There was an elephant in the room during broadcast of Ford's third quarter results this week (November 2). Clearly it was an old one and much travelled. For many of the Ford high-ups ignoring it, the temptation was probably to imagine it was one of Hannibal's 37 which were part of that triumphal march across the Alps a few years ago.

Alan Mulally's chief exec's report of the three months to the end of September was certainly triumphal. The achievements had been huge. The mountains climbed in the three years he was leader have all been the right ones, and Ford seemed on course to reach the place where the prizes are for the taking.

Then news started to arrive of the results of the factory worker votes. Suddenly it became clear. The identity of the elephant in the room came into focus. It was the UAW.

As a listener it was like the clock had stopped ticking and time was moving backwards. Right from the outset of the results presentation there had been a loss of familiar landmarks: recession was barely a feature; insolvency was not a fleeting thought. The talk was all of Ford's growing market share, rising market demand, "spectacular" transaction values, a net income for the quarter of a billion dollars, and transformed product quality.

The North American car industry has had such a beating that it is quite astonishing to hear that it is flying backwards to the days of dualism - management and workers labouring along parallel lines. Britain used to be the shining example of how not to run a motor industry and took the show all the way to final closure of what had once been the world's fourth largest car-maker. Now Britain has a thriving community of multi-national car makers on-shore but no national champions.

In the US, the union does not want to give the same cost-saving concessions to Ford that it has given to the Government-subsidised GM and Chrysler. Thus Ford's request for a legally-binding ban on strikes for the duration of the 2011 pay talks has been refused.

There is no recourse to elementary arithmetic.
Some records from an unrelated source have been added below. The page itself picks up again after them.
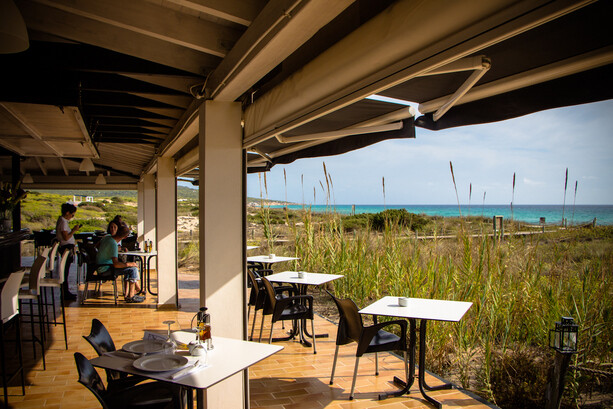 Restaurante Vogamari con vistas a Platja Mitjorn en Formentera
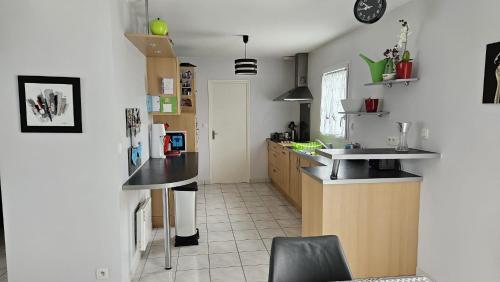 une cuisine avec un évier et un plan de travail dans l'établissement Maison proche de Rennes, 3-4 chambres, jardin, à Laillé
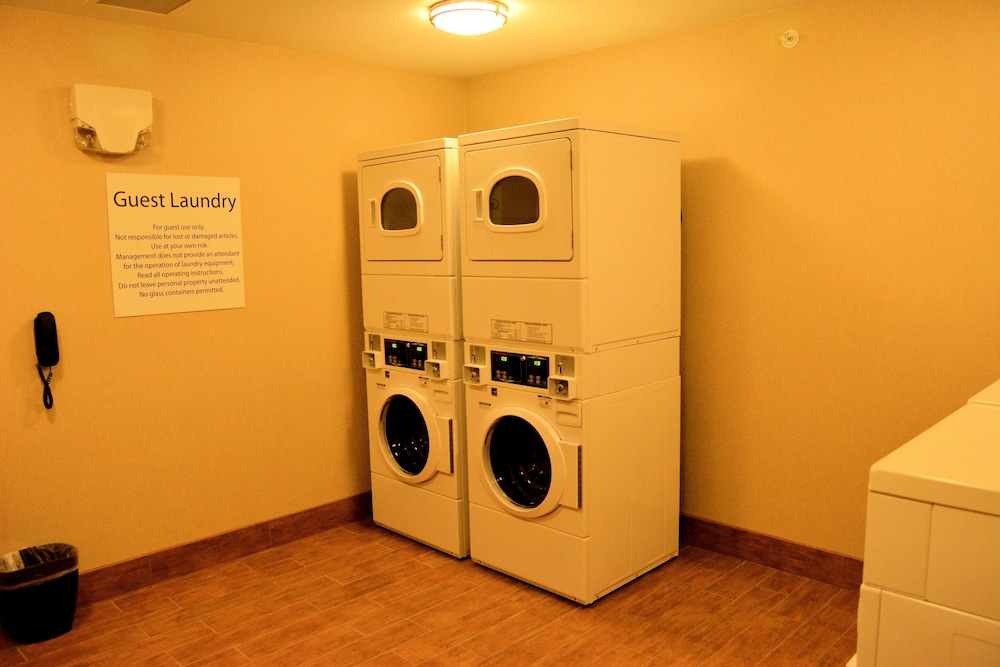 holiday inn express and suites glendive by ihg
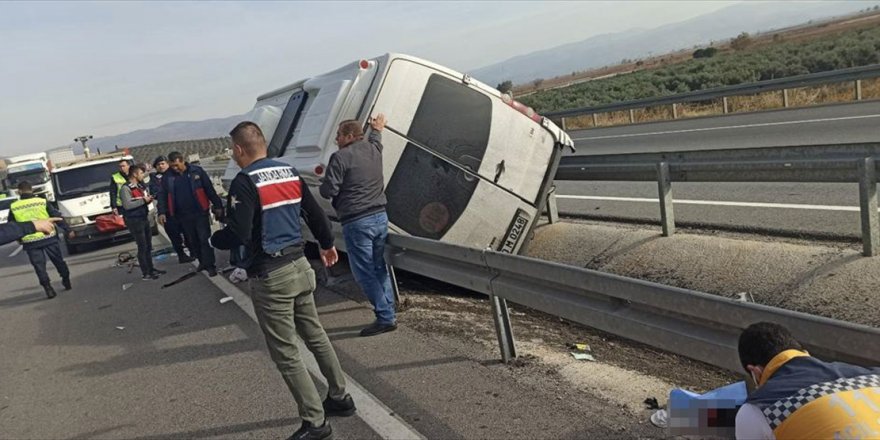 Osmaniyespor taraftarlarını taşıyan minibüsün devrilmesi sonucu 1 kişi öldü, 9 kişi yaralandı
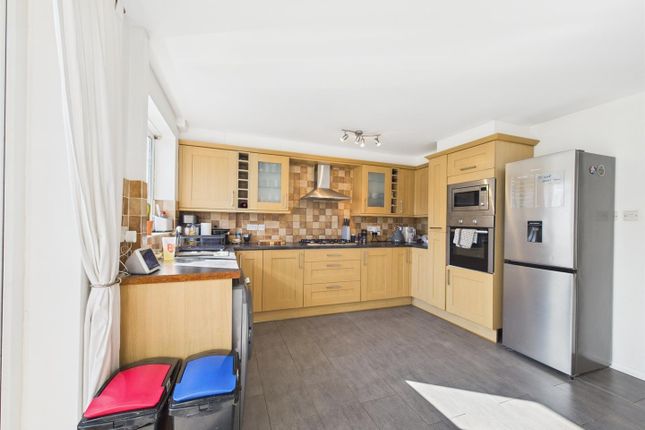 29, Neile Close, Lincoln photo 2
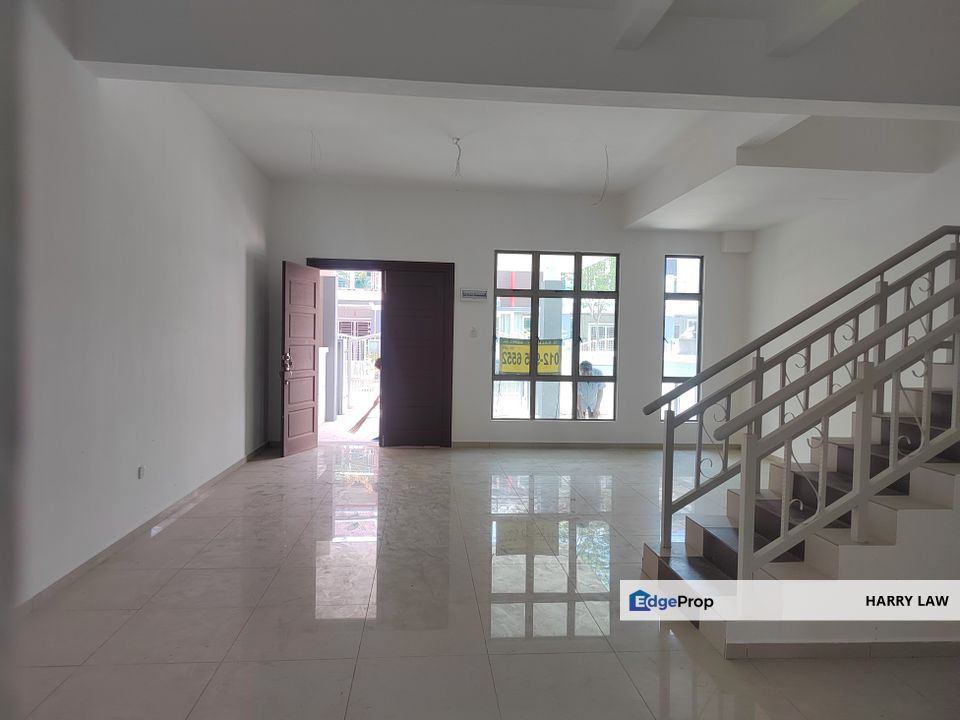 Taman Saujana Tehel& bukit katil 22x75 double Storey Terrace non bumi ...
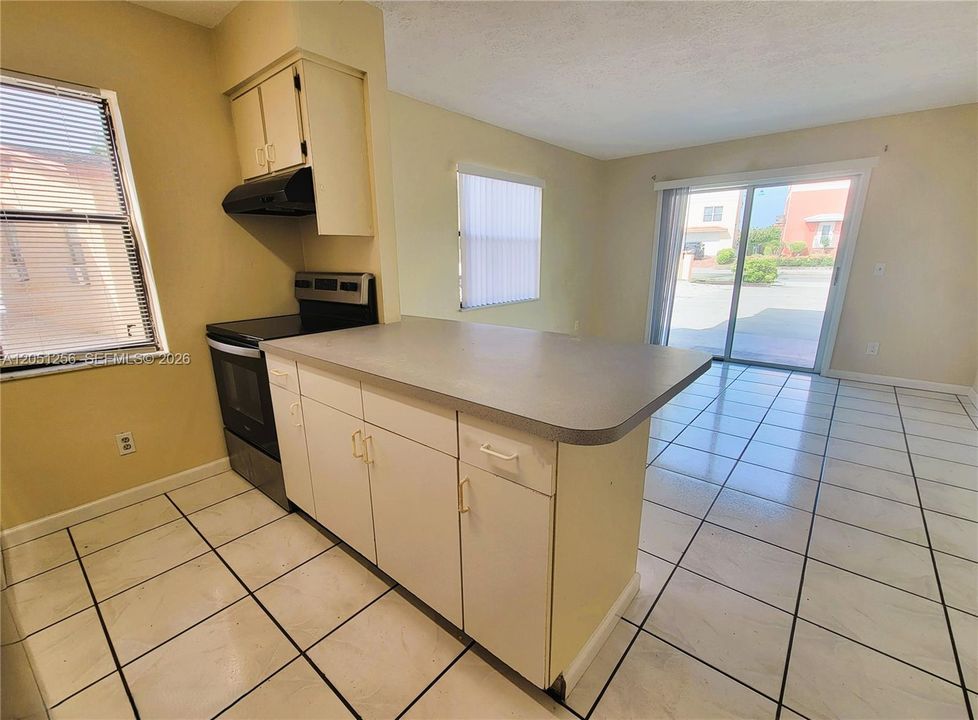 For Rent: $1,600 (2 beds, 1 baths, 2808 Square Feet)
For sure, Government Motors and the Crisis Corporation are partly in public ownership but Ford simply reached the same place by a different path. It too lost a fabulous sum of money - US$30bn - during the demand collapse. And it too needed emergency funding. It found its money in the commercial markets by hocking all its factories and now has a giant debt pile to service.

For the UAW to victimise the one of its three car makers which might actually have found a way out of the forest is strange. And it is even stranger when you wind in the fresh information that Mulally's manufacturing strategy fully involves the US and Canada because he believes that it is efficient for his organisation to make cars where they sell.

The man from the Detroit News took us straight back to the 1980s during the Press conference: "There is anger from the North America workers that there has not been equal sacrifice." Mulally countered that he and Bill Ford had both dropped their pay and taken no bonus and there had been no bonuses for senior people.

"Until now," he said in a manner as close to despairing as he gets, "we have all felt that we are pulling together and focussed on the right things." Why is it in the auto industry that making up is so very hard to do?